Methods: We analyzed data from 181 adults who were randomized to the Thrive intervention group. Using self-reports, intervention group participants were evaluated at baseline, 8 weeks, 6 months, and 12 months for the primary outcome of depression symptom severity (Patient Health Questionnaire [PHQ-9]) and secondary outcome measures including the Generalized Anxiety Disorder Scale (GADS-7), Work and Social Adjustment Scale (WSAS), Connor-Davidson Resilience Scale (CD-RISC-10), and suicidal ideation (PHQ-9 ninth item). Thrive program adherence was measured using number of program logins, pages views and lessons completed.
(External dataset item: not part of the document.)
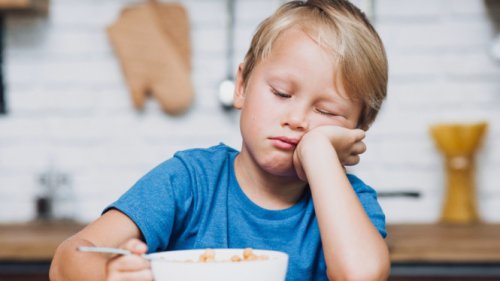 Anak Menolak Makan dan Bilang Masakan Ibu Gak Enak? Begini Cara Menghadapinya!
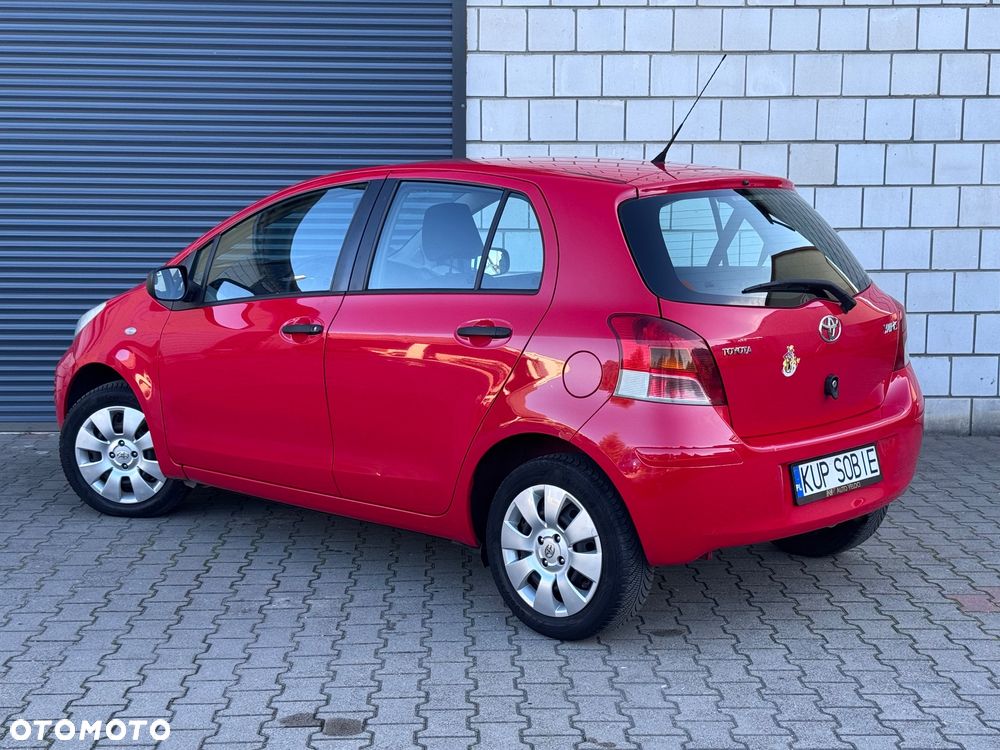 Toyota Yaris 1.0 Premium EU6 - 6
Results: By 8 weeks, significant improvements were observed for all outcome measures. These improvements were maintained at 12 months with mean reductions in depression and anxiety symptom severity (M = -6.5, P<.001 and M = -4.3, P<.001, respectively). Improvements were also observed in work and social functioning (M = -6.9, P<.001) and resilience (M = 4.3, P<.001). Twenty-two percent fewer participants endorsed suicidal ideation (PHQ-9 ninth item score >1) at 12 months (17.2%) compared to baseline (39.8%; P<.001) In regard to program adherence, the cumulative count of page views and lessons completed were significantly related to lower PHQ-9, GAD-7, WSAS scores, and higher CD-RISC-10 scores.
Conclusions: The Thrive intervention was effective at reducing depression and anxiety symptom severity and improving functioning and resilience among a mostly rural community population of US adults. These gains were maintained at one year. Program adherence measured by number of logins and lessons completed indicate that users who engage more with the program benefit more.
Schure M, McCrory B, Tuchscherer Franklin K, Greist J, Weissman RS. Twelve-Month Follow-Up to a Fully Automated Internet-Based Cognitive Behavior Therapy Intervention for Rural Adults With Depression Symptoms: Single-Arm Longitudinal Study. J Med Internet Res. 2020 Oct 2;22(10):e21336. doi: 10.2196/21336. Erratum in: J Med Internet Res. 2020 Oct 23;22(10):e25146.